Headshot of Jeremy O. Harris

Jstages talks about “Daddy,” “Slave Play,” capitalism and more with Jeremy O. Harris

Headshot of Jeremy O. Harris
(c) Micaiah Carter

The US playwright and actor Jeremy O. Harris appeared like a comet in 2018, dazzling the entertainment world at the 74th Tony awards when his second professional work, “Slave Play,” gained a record-breaking 12 nominations for a non-musical production, including for Best Play.

Coming after Harris’ low-key playwriting debut with “Xander Xyst, Dragon 1” at ANT Fest 2017 in New York, that three-act drama examining sexuality and racial trauma in the USA drew praise indeed from The New York Times’ chief theatre critic, Jesse Green, who dubbed it, “One of the best and most provocative new works to show up on Broadway in years.”

Yet beside his dazzling rise as a writer, this 6 ft 5 in (1.96 m) gay black man with big twinkly eyes has suddenly revealed other diverse talents as well, including as co-author on the screenplay of 2021’s film “Zola” directed by Janicza Bravo, and in ongoing projects with HBO and Netflix.

Beyond the worlds of stage and screen, this child of a military family that eventually settled in Martinsville, Virginia, is now also a model and influencer sought after by leading fashion brands including Gucci and Jean Paul Gaultier.

When I met 33-year-old Harris swathed in a kind of Afro-paisley Gucci jelaba for this exclusive interview in his luxury hotel room in Tokyo, he cheerfully explained, “I’ve just been in Paris for fashion week and I walked for Gaultier, and because of all the excitement of that I had a headache for a couple of days when I got here — but now I’m loving it. It’s amazing and Japanese people have been so kind.”

Using his break time between his runway appearances in Paris and shooting a TV drama there titled “Emily in Paris: Season 3,” the main purpose of Harris’ visit — his first ever to Japan — was to see his third professional play, “Daddy: A Melodrama,” which premiered in New York in 2019 and runs till July 27 at the Tokyo Globe theatre.

Harris’ first-ever production in this country, this is being staged by the New National Theatre’s artistic director, Eriko Ogawa, who studied theatre at the Actors Studio drama school in New York and is working with an all-Japanese cast featuring Yuma Nakayama from Johnny’s Entertainment in the central role. 

A play with undoubted autobiographical echoes, ‘“Daddy: A Melodrama” depicts a promising young black artist named Franklin (played by Nakayama) as he wrestles with love and career and, of course, how it all relates to money.

When Franklin is invited to the house of a rich European art collector named Andre (Yasumasa Oba) after his first exhibition, the older man asks him to be his lover — and offers to be his financial patron … like a “daddy” figure.

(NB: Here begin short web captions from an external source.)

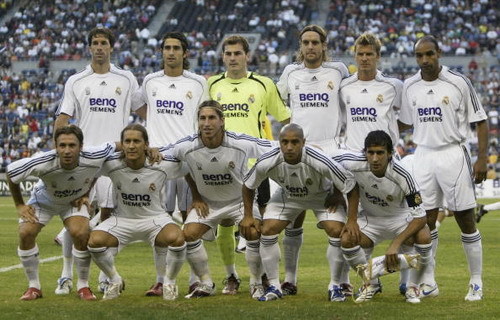 争力与产业 争力与产业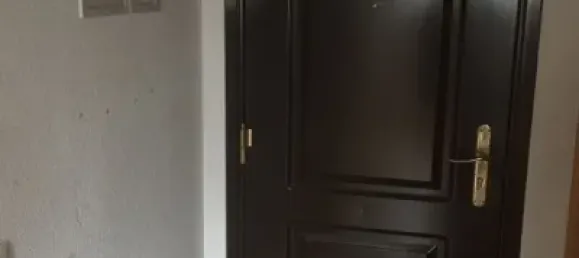 3 chambres Duplex à Madrid, Spain No. 178793 6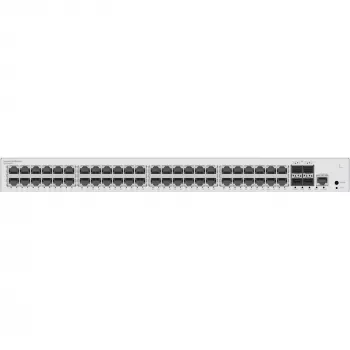 HUAWEI eKit S310 -sarja S310-48P4S hallittava L3-kytkin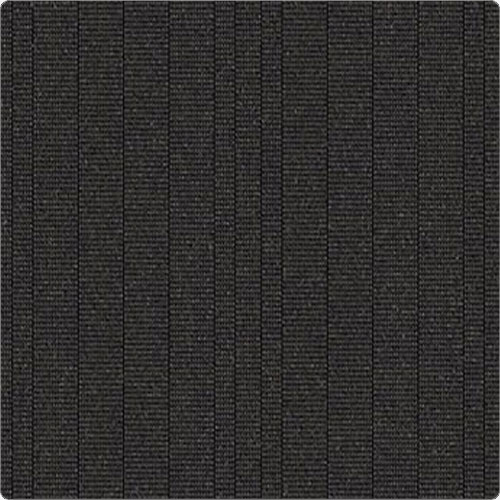 Sattler elements 320994 Poly-Acryl Markisenstoff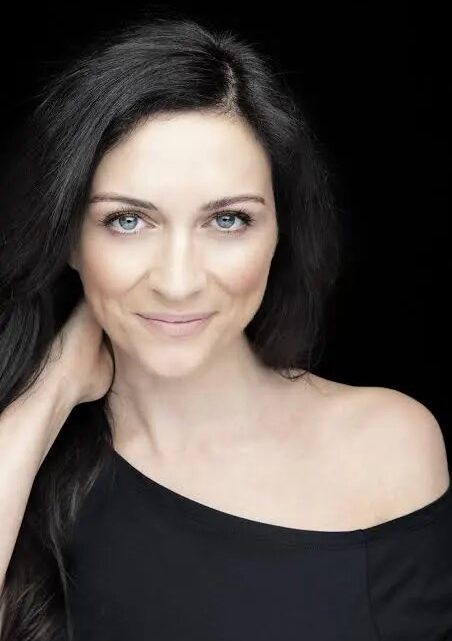 Claire Rafferty Biography: Age, Awards, Ethnicity, Net Worth Age, Boyfriend, Movies, Instagram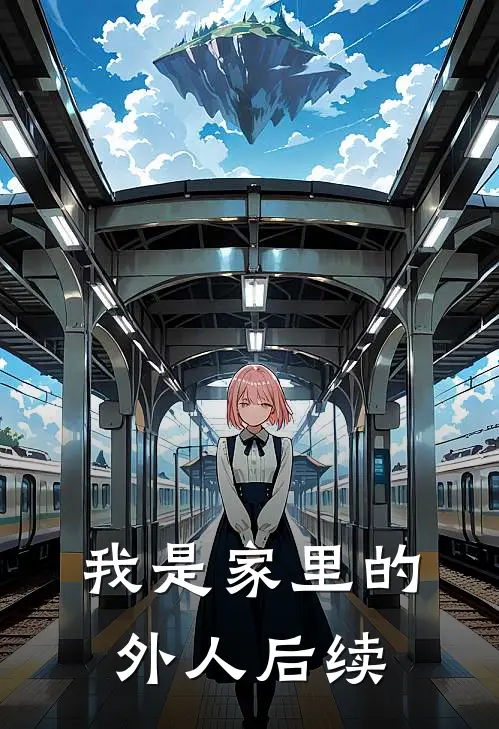 我是家里的外人后续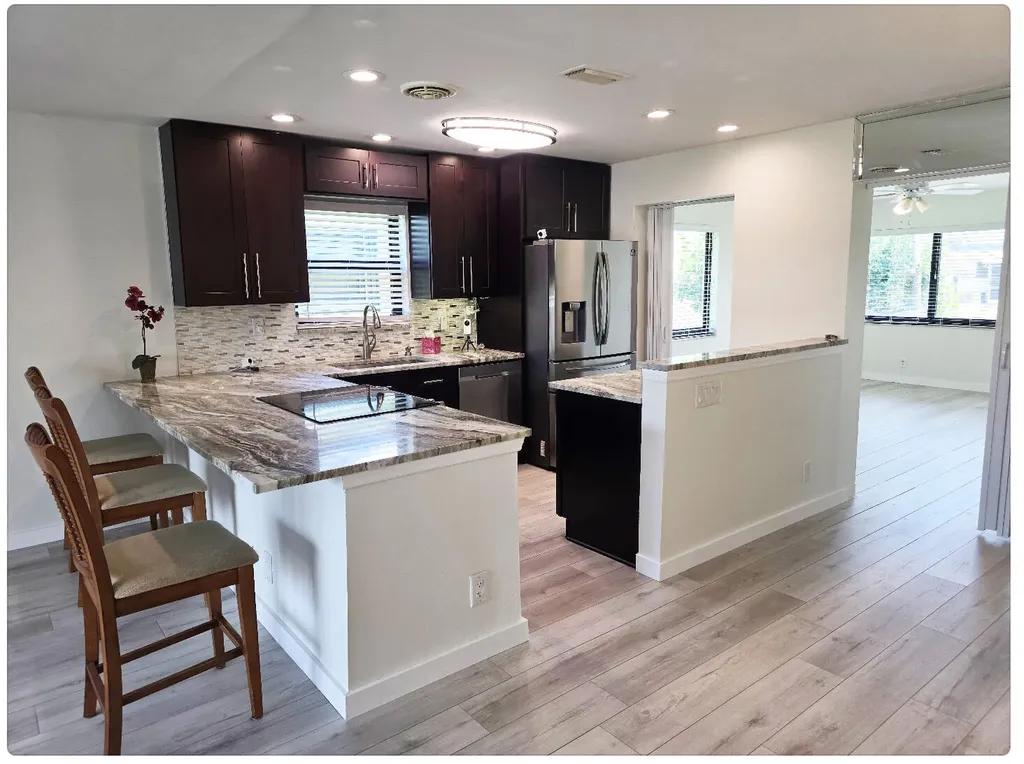 2098 SW 17th Drive Deerfield Beach FL 33442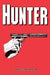 Hunter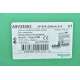  A9V35363 Blocco Differnziale Adattabile Vigi iC60-3P-63A-300ma-S-SI (C-A-2)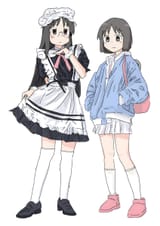 Gkx_xqVW8AAWF2u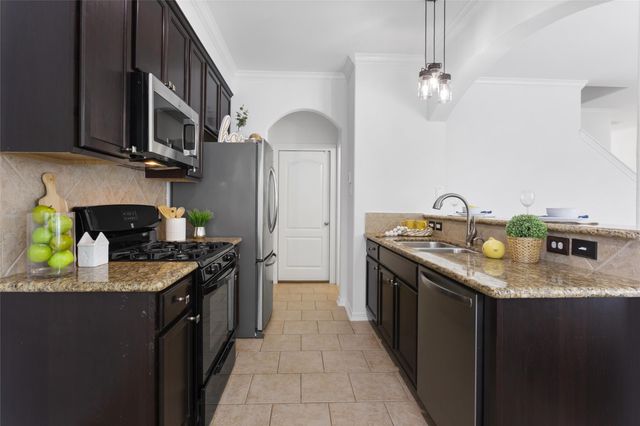 2840 Sand Dune Drive, Seabrook, TX 77586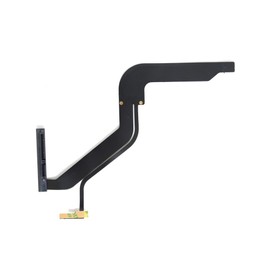 Pardarsey Replacement HDD Hard Drive Cable Compatible For MacBook Pro 13" A1278 2012 821-1480-A Series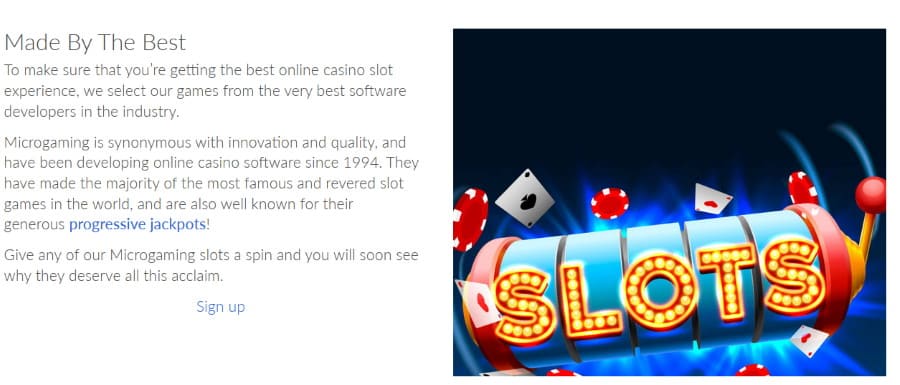 ruby-fortune-casino-slots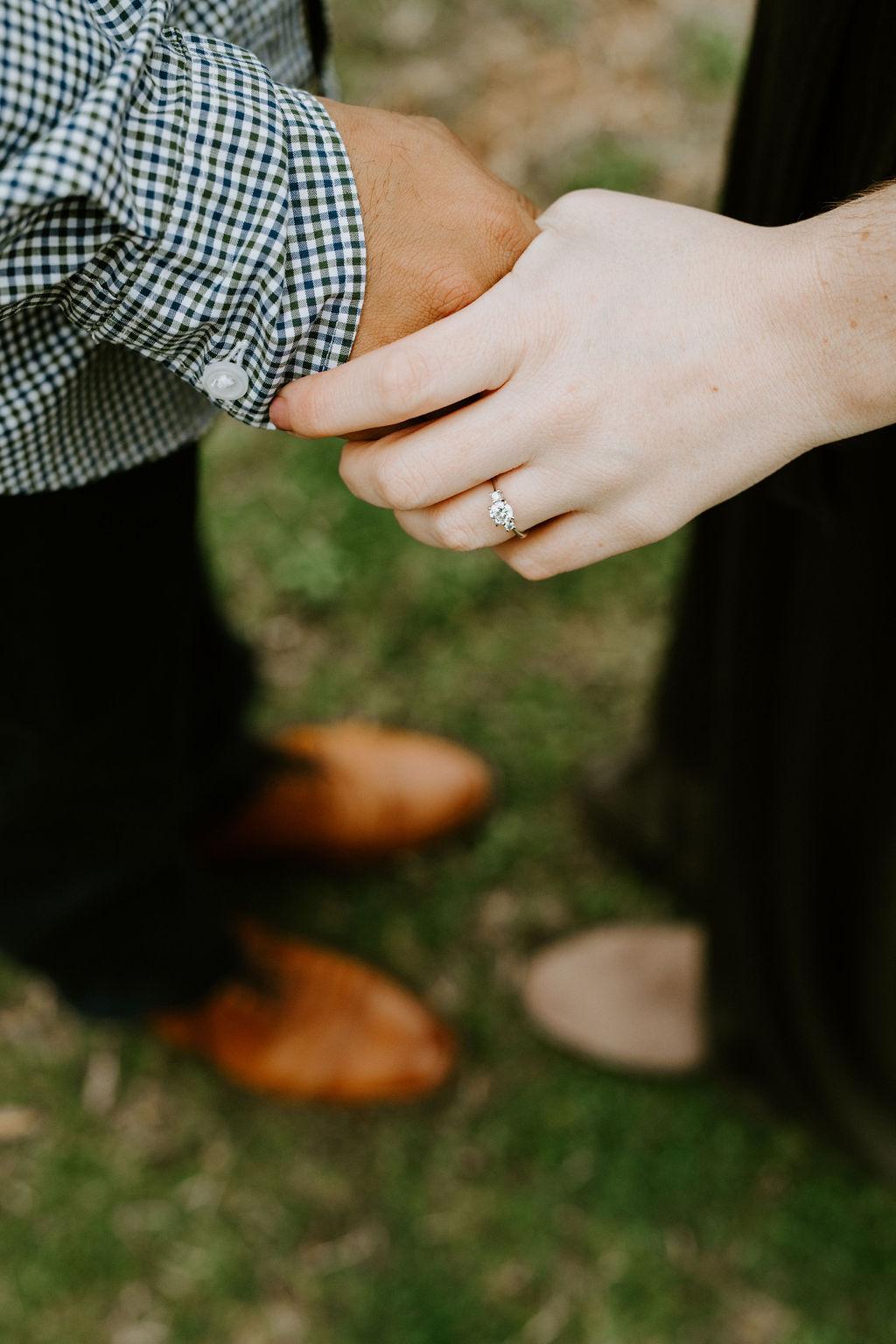 The Wedding Website of Kristin Bird and Pratik Patel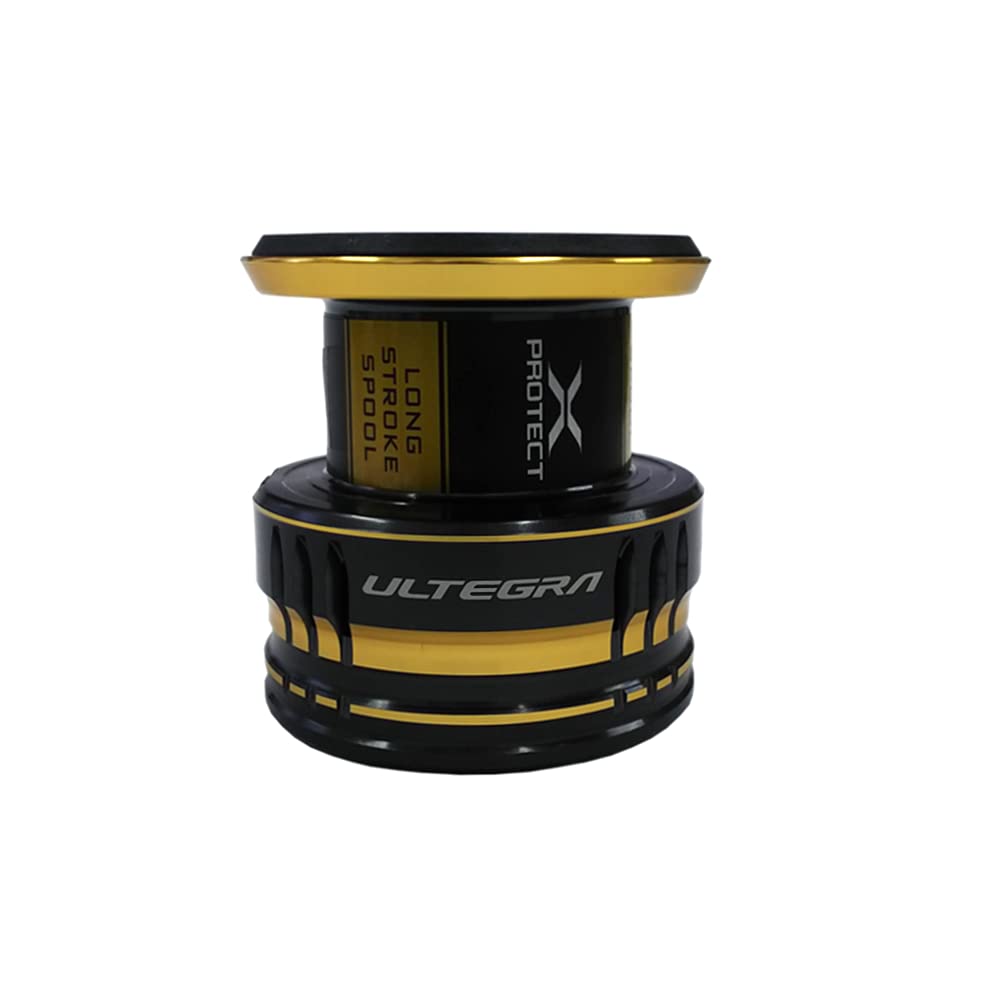 Amazon | (純正パーツ) シマノ 21 アルテグラ C2000S スプール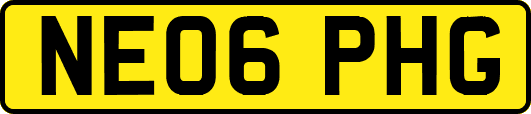 NE06PHG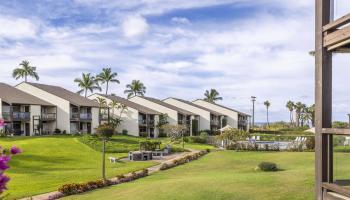 Hale Kamaole condo # 1-217, Kihei, Hawaii - photo 1 of 47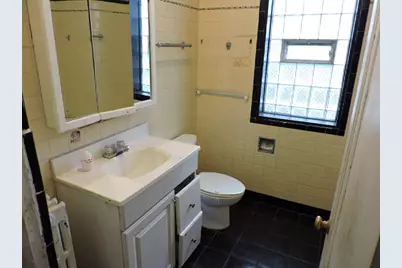 5535 N Christiana Avenue, Chicago, IL 60625 - Photo 29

However, after Franklin’s mother Zora (Misuzu Kanno) arrives and starts quoting the Bible to him, the tension in that human triangle heats up and eventually drives Franklin into a corner sandwiched between art and business that moves him to observe, philosophically: “Art loses its worth the minute it can be bought … it becomes worthless once it’s owned.”  

What follows is almost the entirety of Jeremy O. Harris’ recent conversation with Jstages.com.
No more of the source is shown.